We all probably have a Velma in our families. Unfortunatly, I think I'm the Velma in mine. Happy New Year Mr. Petersen.
My Director of Finance decided that we all needed to upgrage our cell phones so he outfitted me yesterday with a new blackberry (I always thought that was something to eat but I was wrong). The past couple days I have been frustrated just trying to figure out how to answer the thing. He said we needed these things so the staff could text message important information among ourselves. I just don't understand why they think texting is so much easier than just calling and talking. Besides that, I know how to spell the old fashioned way so none of them can read my messages. I am NOT going to wear one of those stupid looking contraptions on my ear. I guess I am just too old.Anyway, thanks for the kind words. I hope you, Daisy, and the kids have a good year too.
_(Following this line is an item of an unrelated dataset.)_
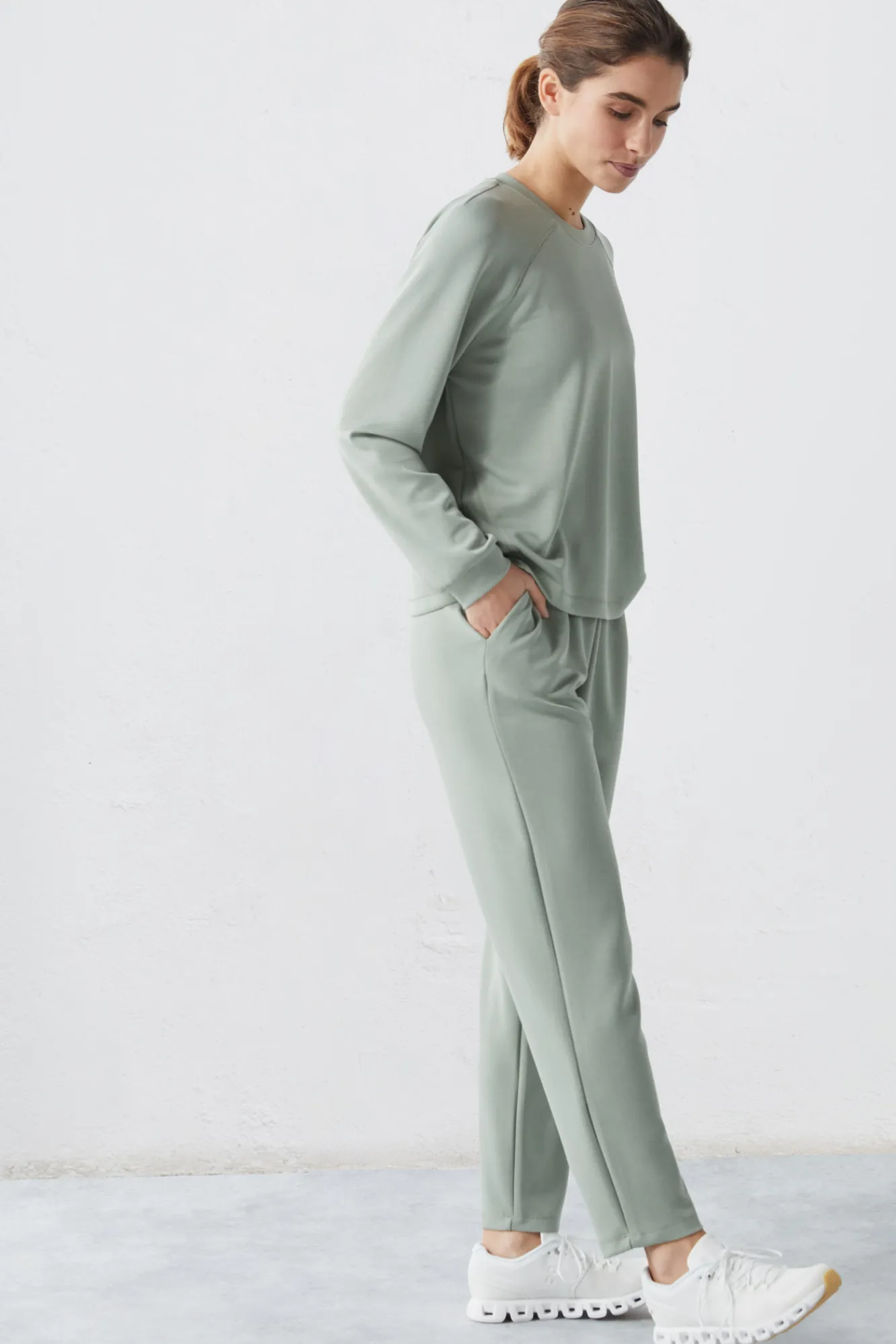 Dash and Stars Pantalon Jogger Felpa Soft Verde Beige New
Wow, my jaw is hitting the floor. You may be the very first man over the age of 45 (I'm making an assumption here) who doesn't consider a blue tooth the ultimate fashion statement. You mean you don't walk around with one permanently stuck to your ear? You don't talk to yourself in public places? You don't flash a blue light during the Sunday sermon? Man, you are out of the loop. (snicker)Happy New Year!!
Daisy,I noticed that too; they're all old guys. They're obnoxious, annoying, and rude. And besides, those things clamped on their ears look stupid. I have already received about three or four tickets for seatbelt violations and that hasn't changed me so, it's inevitable; I'll probably get cited for driving while talking. I don't know what the problem is. I can eat, talk on the cell phone, write, and read whild driving.It's called "multi-tasking."
I heard that the Anti-Christ has a blue tooth also.